From d7b0dc611f9fe10f5be116e4581dae08958666a7 Mon Sep 17 00:00:00 2001
From: Stan Grishin <stangri@melmac.net>
Date: Thu, 25 Jan 2018 19:16:35 -0800
Subject: [PATCH] vpnbypass: better start/stop from Web UI and triggers

Signed-off-by: Stan Grishin <stangri@melmac.net>
---
 net/vpnbypass/Makefile             | 53 ++++++++++++++++++--
 net/vpnbypass/files/README.md      |  8 +--
 net/vpnbypass/files/vpnbypass.init | 78 ++++++++++++++++--------------
 3 files changed, 93 insertions(+), 46 deletions(-)

diff --git a/net/vpnbypass/Makefile b/net/vpnbypass/Makefile
index 50614e6140..2c0b545cff 100644
--- a/net/vpnbypass/Makefile
+++ b/net/vpnbypass/Makefile
@@ -4,8 +4,8 @@
 include $(TOPDIR)/rules.mk
 
 PKG_NAME:=vpnbypass
-PKG_VERSION:=1.3.0
-PKG_RELEASE:=6
+PKG_VERSION:=1.3.1
+PKG_RELEASE:=1
 PKG_LICENSE:=GPL-3.0+
 PKG_MAINTAINER:=Stan Grishin <stangri@melmac.net>
 
@@ -15,15 +15,16 @@ define Package/vpnbypass
 	SECTION:=net
 	CATEGORY:=Network
 	DEPENDS:=+ipset +iptables
-	CONFLICTS:=openvpn-policy-routing
-	TITLE:=Simple VPN Bypass Service
+	CONFLICTS:=vpn-policy-routing
+	TITLE:=VPN Bypass Service
 	PKGARCH:=all
 endef
 
 define Package/vpnbypass/description
 This service can be used to enable simple VPN split tunnelling.

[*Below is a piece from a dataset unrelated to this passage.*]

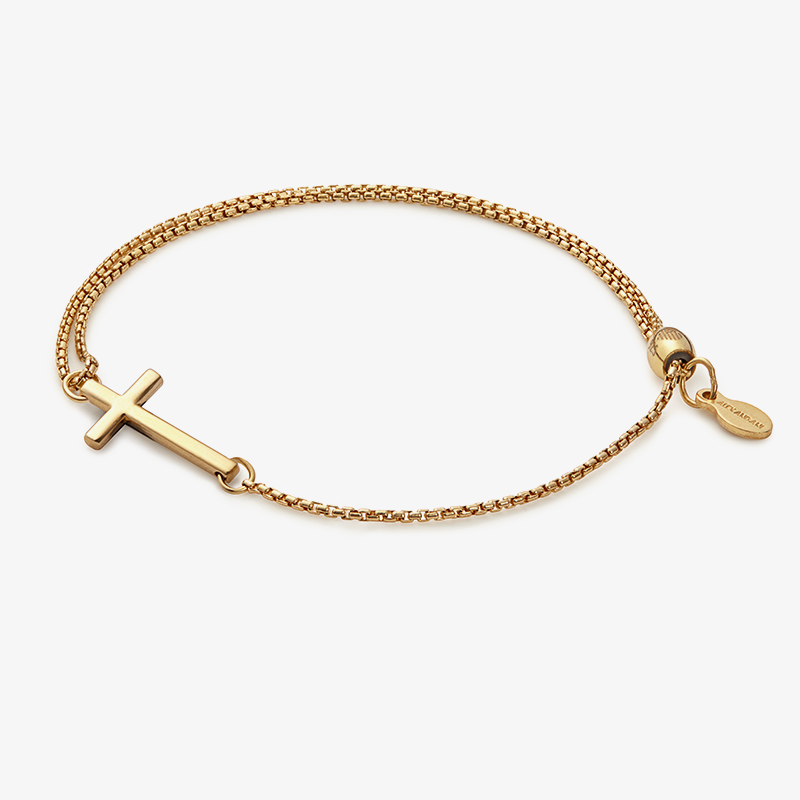 Image of Pull Chain Cross Bracelet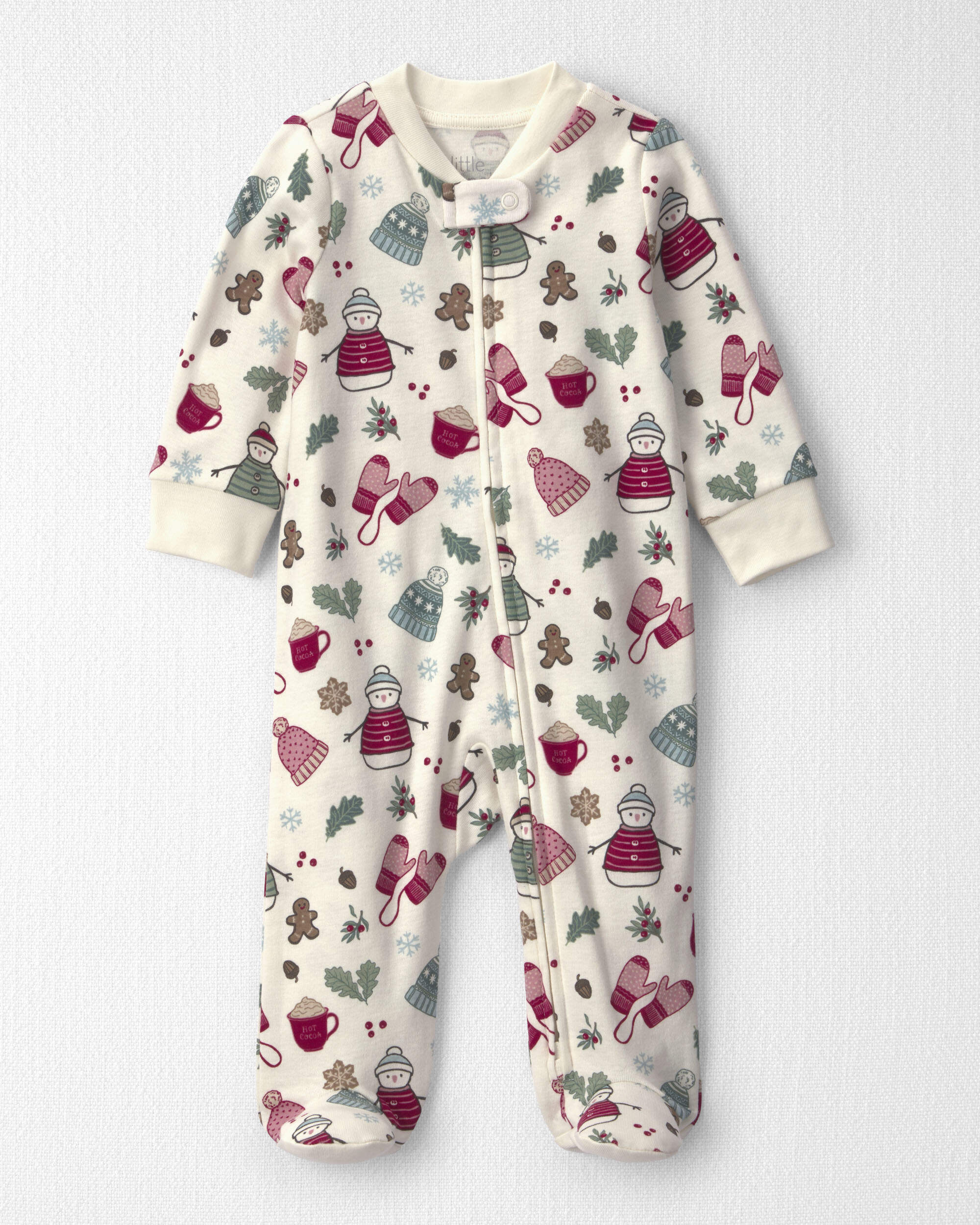 Baby Girl Organic Cotton Pyjamas Winter Wonderland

 Supports accessing domains, IP ranges outside of your VPN tunnel.
-Also supports dedicating local ports/IP ranges for direct internet access (outside of your VPN tunnel).
+Also supports dedicating local ports/IP ranges for direct
+internet access (outside of your VPN tunnel).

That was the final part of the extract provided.